Before the days of the Trojan War, according to the legendary tales of Homer, there was a tribe of fierce warriors living near the Caucasus Mountains.
They were ruled by a queen, it was said, and they had waged war against other tribes in Asia Minor and had even invaded Greece. But the peculiar thing about this tribe was that all its members were women; there mere no men among them.
Once each year they met a neighboring tribe of men, but any boys that might be born from such a union were either killed or sent over the hills to their fathers. The girls were kept and were trained for warfare and the hardships of military life.
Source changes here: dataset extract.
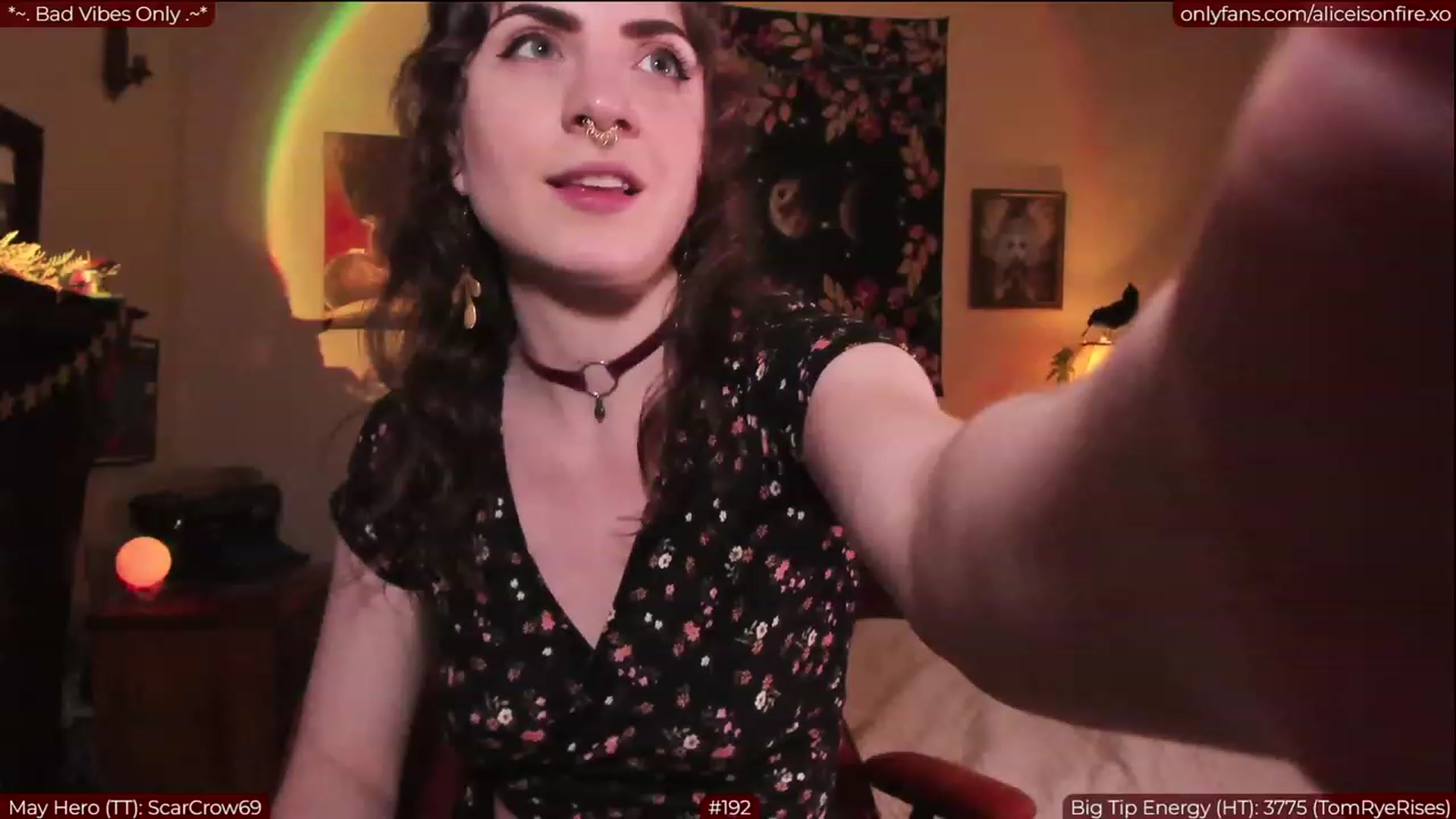 Gallery image thumbnail from aliceisonfire's myfreecams stream on, 05/26/2023, 06:33 image 2 of 20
These strange women were called Amazons, a name that the Greeks believed came from the two words, a, without, and mazos, breast, because, as Homer explained, in order that they might be more skilled in the use of bow and arrow, the right breast of each woman had been removed.
Many paintings and some statuary of this warlike race have been preserved which, though they do not support the explanation that was given for the origin of the name, do show that the Greek artists believed the Amazons to have been large and powerful women of noble proportions.
It is in this sense in which amazon is now used. The large river in South America received its name from the Spanish explorer, Orellana, who, in his first descent of the river in 1541, was attacked by a tribe of natives, among whom the women fought alongside the men.
He thought them to be another tribe similar to that known by ancient Greeks, and gave them the name Amazon.